Of this amount, TSh 11.7 trillion is allocated for development projects. The minister said the development plan focuses on attaining 7.1% growth of Gross Domestic Product (GDP) in 2019 compared to 7.0% in 2018. The budget also aims to maintain inflation at between 3% and 4.5% and increase national revenue collection to 13.1% of GDP in the 2019/20 fis­cal year from this year’s 12.1%.

According to the Minister, Tanzania cemented its middle-income status last year by raising its per capita Gross Domestic Product (GDP) to $1,090, and noted that a strong year for agriculture had kept inflation down at 3.5%, the lowest level in 40 years.

Dr Mpango said the government seeks to put emphasis on the establish­ment and development of industries, especially those exploiting domes­tically produced raw materials. He said the focus will be on development of industrial clusters, Tanzania Automobiles Manufacturing Company Ltd (TAMCO) in Kibaha, Coast region, hide industry in Dodoma and special investment zones in Bunda, Dodoma and Benjamin William Mkapa in Dar es Salaam.

The budget also includes plans to spend TSh 9.7 trillion to service the public debt, which reached over TSh 51 trillion as of April, up from 49.9 trillion a year earlier. The Minister of Finance and Planning, Dr Philip Mpango, assured MPs that the debt remains manageable, according to the recent assessment by the ministry. He added that the present value of external debt against GDP is 22%, well below the allowable maxi­mum of 55%.

The Minister attributed the debt increase to the new loans that the coun­try acquired for execution of various development projects. These pro­jects include construction of Terminal III at Julius Nyerere International Airport (JNIA), upgrading the central railway to standard gauge, implementation of power projects as well as construction of roads and major bridges.

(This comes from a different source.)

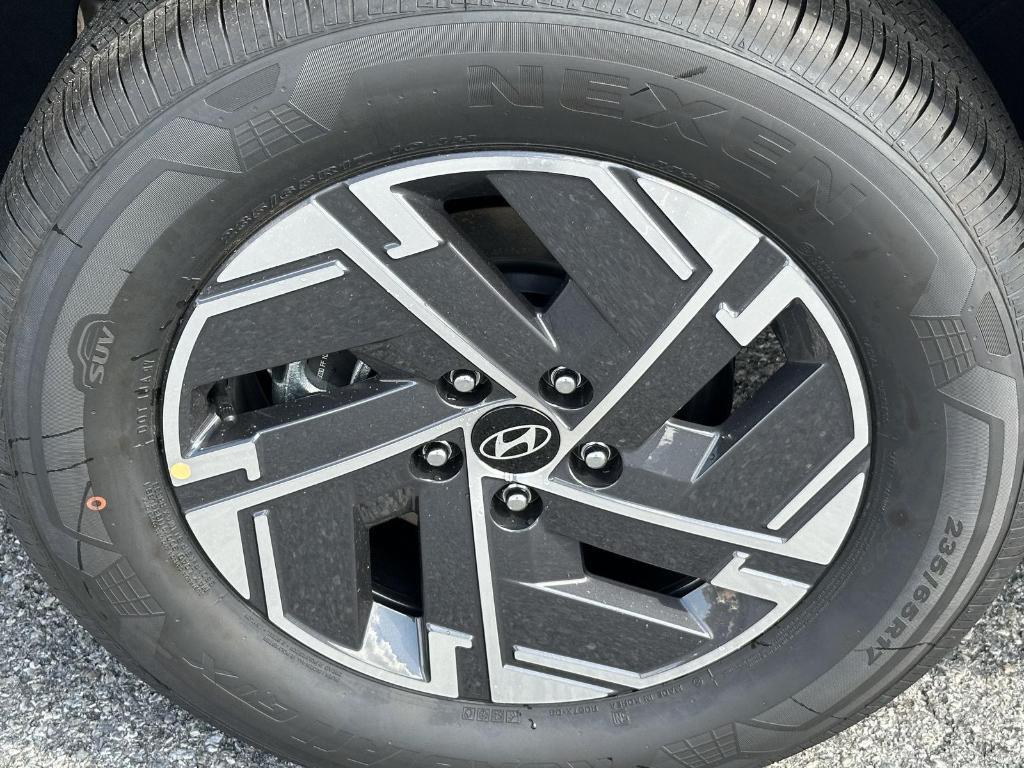 new 2025 Hyundai TUCSON Hybrid car, priced at $35,644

The Minister further announced that the country’s foreign reserve stood at US$ 4.4 billion, equivalent to 4.3 months of imports, as of April 2019. The amount exceeds the government target of four months’ worth of imports, according to Dr Mpango.

The budget also presented an opportunity for the government to refute claims by a section of MPs that business in the country was struggling due to poor business and investment climate. Dr Mpango and his Deputy Dr Ashatu Kijaji said the business environment in the country was superb and that more investors were willing to start businesses in Tanzania.

“Some MPs have been providing unrealistic statistics on business in the country, but the current statistics in the ministry show that businesses which are being shut are 16,252 while new businesses that are estab­lished are 147,817,” said Dr Kijaji. According to her, closing business was a normal practice worldwide and that some of the reasons for that were change of business, failure to compete with others, huge debts and accumulated taxes, among others.

As he presented the budget to parliament, Dr Mpango said the govern­ment was proposing to review 54 different fees and levies with a view to reduce and abolish some of them. “This is the first phase of implemen­tation of the blueprint for regulatory reforms to improve the business environment,” he said. The minister added that apart from the review of fees and levies, the review will also address the elimination of the existing duplication of responsibilities among the ministries, regulatory authorities and institutions.

Pauline Gekel (Babati, CCM) described it as “a special budget for Tanzanians”, that “has touched every mwananchi, poor, ordinary and big traders.”

Julius Karanga (Monduli, CCM) called it a win-win budget. “We hope people are going to receive it well because it is friendly budget that will help people generate income,” he said.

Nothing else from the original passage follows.